Major internet anomalies during Belarusian election: Monash analysis

Monash researchers have found evidence that supports reporting of government-sanctioned internet censorship during the 2020 Presidential Election in Belarus.

With hundreds of people detained as widespread protests against Belarusian leader Alexander Lukashenko continue to grip Minsk, Monash University researchers have found evidence that supports reporting of government-sanctioned internet censorship during the 2020 election.

An analysis of billions of internet measurements by researchers at the Monash University IP Observatory found, beginning on election day (9 August) and continuing for at least three days afterwards, highly irregular internet service in the nation’s capital, Minsk.

The government of Belarus referred to these events as a ‘massive cyber-attack’.

However, data shows internet signals entering and leaving Minsk reduced by about 100ms on average – about 50 per cent slower than usual. Additionally, across 10-11 August, a number of internet addresses went offline, while the following day, a large block of Minsk-based IP addresses appeared online for two hours and then disappeared.

Dr Klaus Ackermann, Lecturer in Econometrics and Business Statistics; Simon Angus and Paul Raschky, Associate Professors in Economics, conducted the research. The Monash University IP Observatory is a project of the SoDa Laboratories at the Monash Business School.

For more than 18 weeks, Belarusians have taken to the streets to protest against the leadership of President Lukashenko who was re-elected in August during a contest they say was fraudulent.

Thousands of protestors have been arrested since the demonstrations began, with political opponents, such as opposition leader Svetlana Tikhanovskaya, forced into exile.

“Incidents of internet disruption and website censorship have also continued, including reported interruptions to mobile internet before and during planned protests,” Dr Ackermann said.

Using a commercially available geo-located IP database combined with the Monash team’s own powerful internet scanning technology, researchers were able to measure the online or offline status of millions of internet addresses across Belarus every hour between June and August 2020.

They were able to measure the connectivity and latency – the immediacy of the connection – before, during and immediately following the Belarusian election.

Associate Professor Angus said reports of internet tampering began in the middle of June, with sizable tremors in internet traffic detected in the Observatory’s analysis across Belarus one month later. He said this suggested a “government-testing phase” prior to the “main event” in August.

“The first and most obvious feature is the huge spike in latency beginning at around 9am on 9 August, which extends into the afternoon, concluding at around 6pm,” Associate Professor Angus said.

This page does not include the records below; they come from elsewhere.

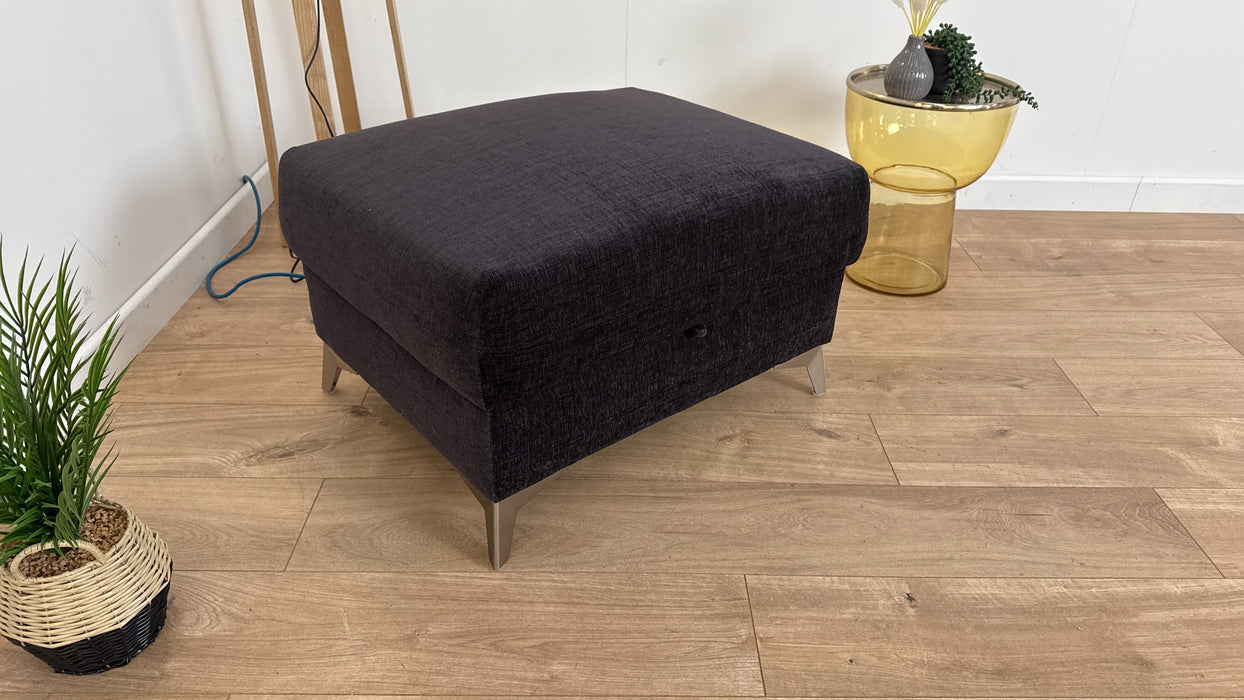 Essence Fabric Storage Footstool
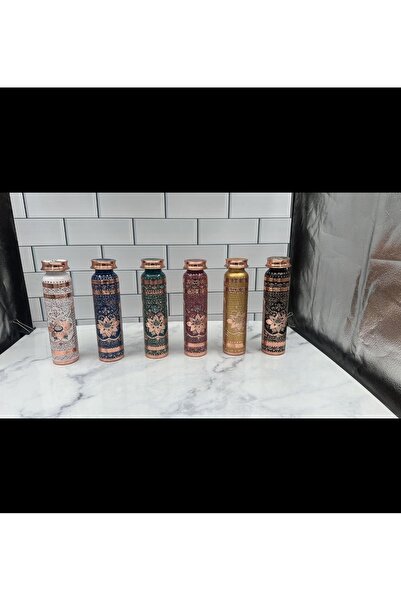 uzunoğlu bakır ürünleri Matara Uzunoglu Copper Erzincan Handcrafted Pure Copp...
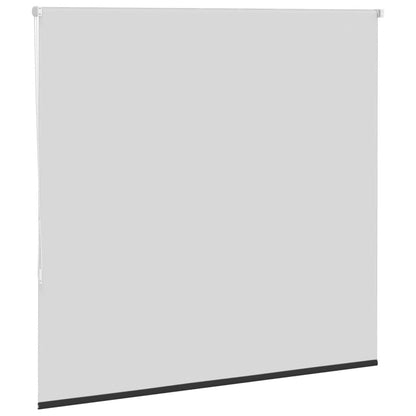 Roller Blind Blackout Black 145x175 cm Fabric Width 141.6 cm Polyester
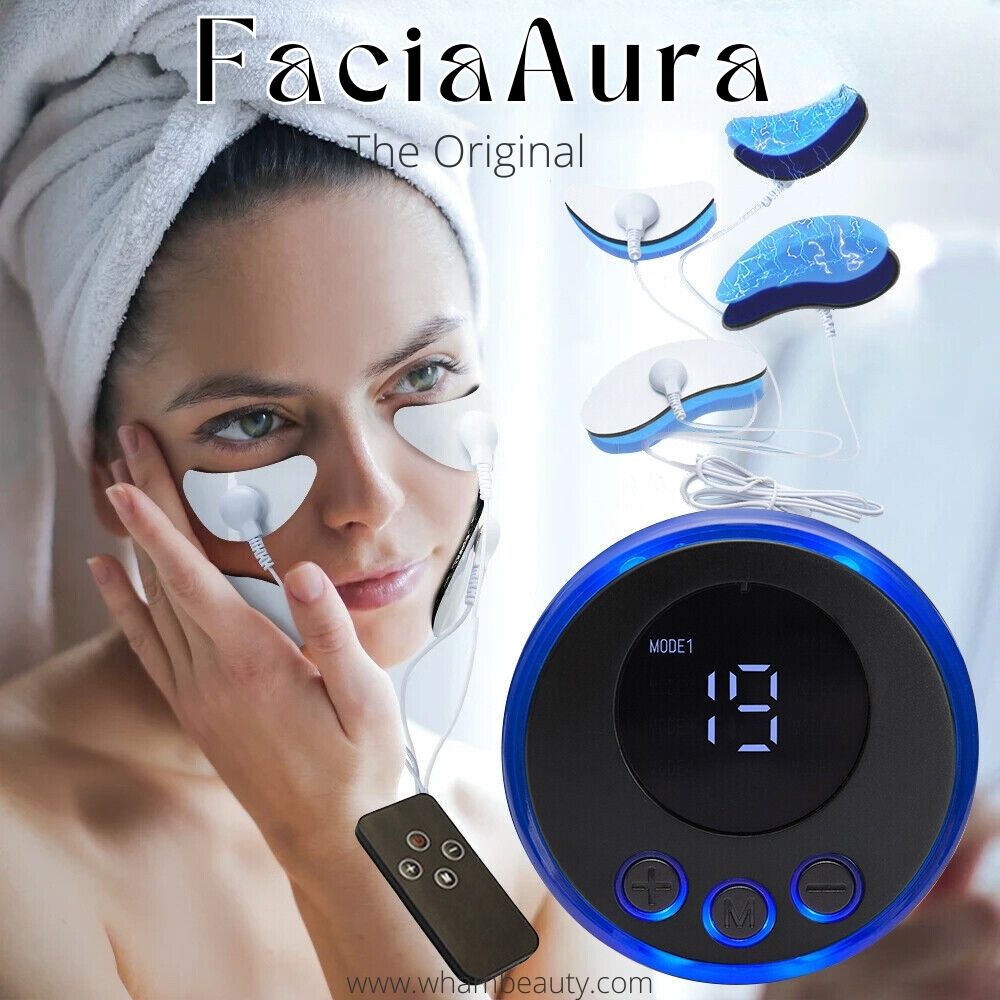Unisex ansiktsmassager i ergonomisk design för hudvård. Ger antiåldrande effekt & djup massage för lyster.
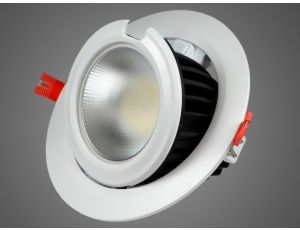 Downlight LED Gimbal 50W regulowany DW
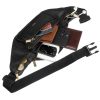  Peterson PTN 2506-NDM čierna kožená taška na opasok 40 x 14 x 10 cm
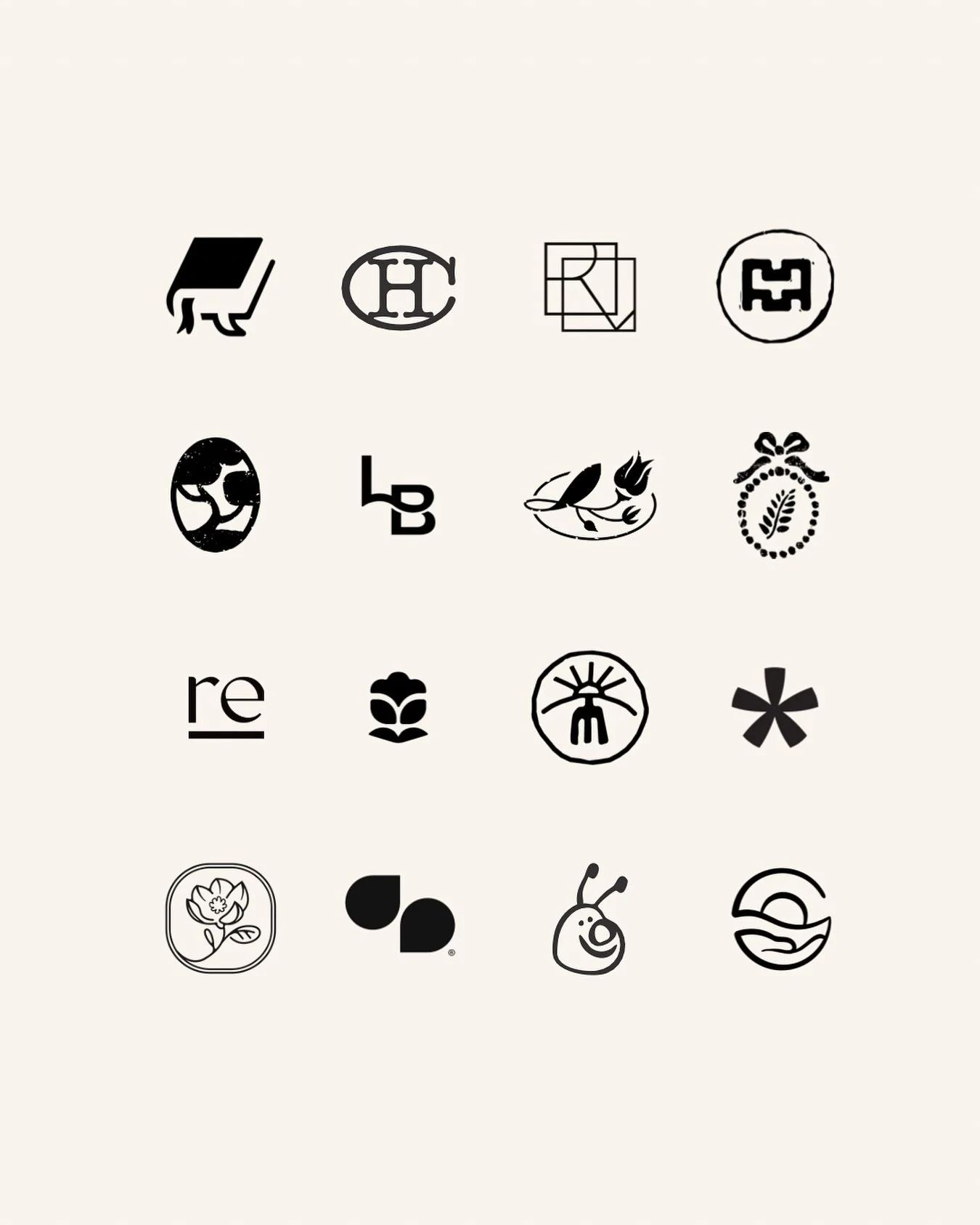 A year in icons. 

As a studio, I&rsquo;ve always wrestled with defining &ldquo;our style.&rdquo; And honestly, I think that&rsquo;s okay.

I don&rsquo;t want to be boxed into a niche or an industry. For us, it&rsquo;s never been about the type of bu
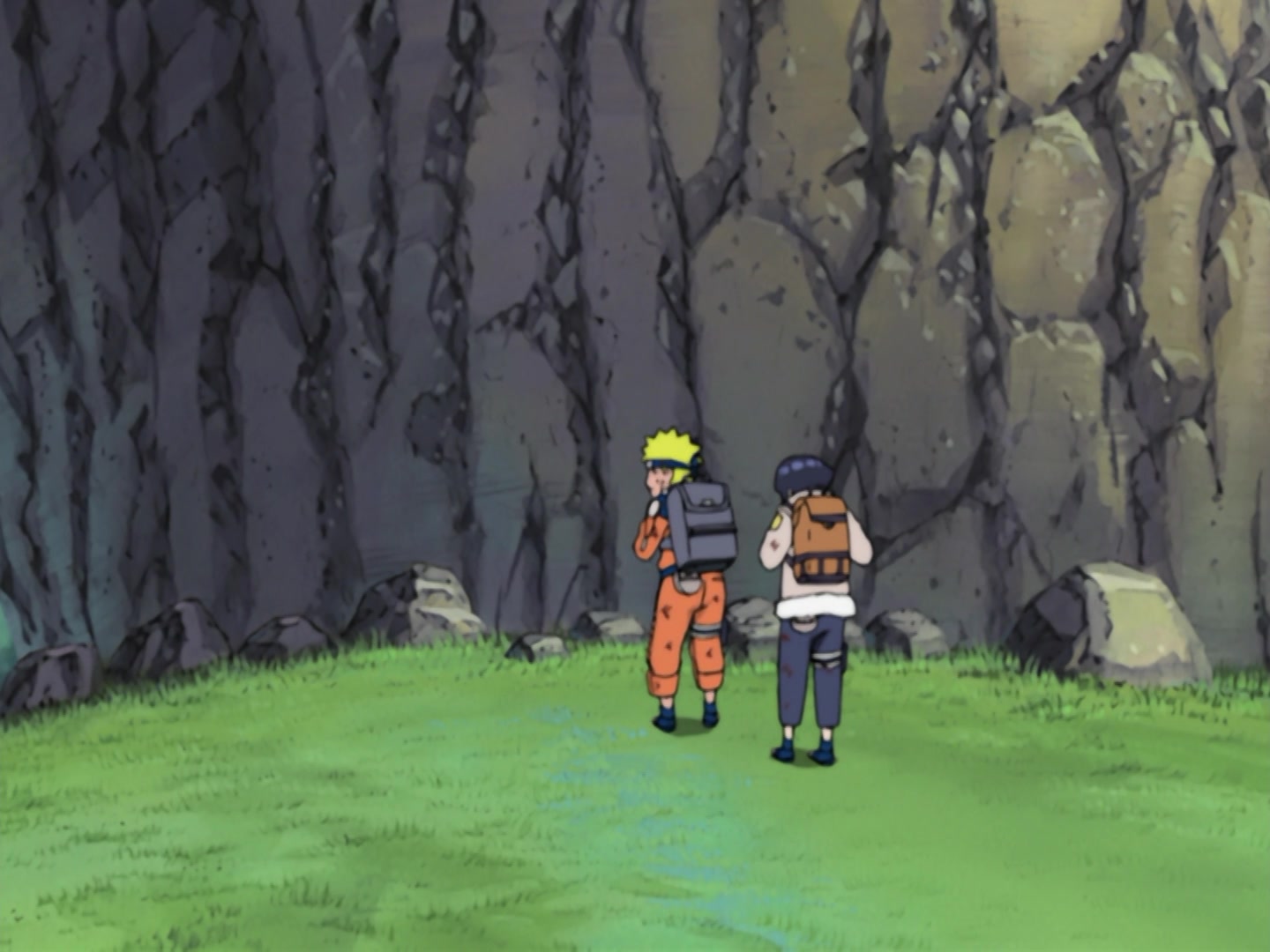 Naruto Ep 175: The Treasure Hunt Is On! @ 09:42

“The timing is particularly interesting. As opposed to the pattern of evening ‘slow-down’ events across July, and subsequently when riots took hold of the streets in Minsk, this one on election day was not an evening event, but rather coincided more strongly with the voting window during the day.”

Associate Professor Raschky said their analysis showed no such problems with internet connectivity or latency in neighbouring countries, such as Lithuania, during this period.

“According to Human Rights Watch, this blocking appeared to be an attempt by the government to demobilise protests and silence information about police brutality against protesters,” Associate Professor Raschky said.

“While the restrictions of some online channels may have eased, the volatile political climate combined with ongoing public demonstrations against the leadership by no means implies that the end-user has a free internet experience.”

The mission of the Monash University IP Observatory – ‘internet insights for social good’ – is to monitor the availability and quality of internet during critical events, such as elections, natural disasters or conflicts. The observatory is a project of SoDa Laboratories at the Monash Business School.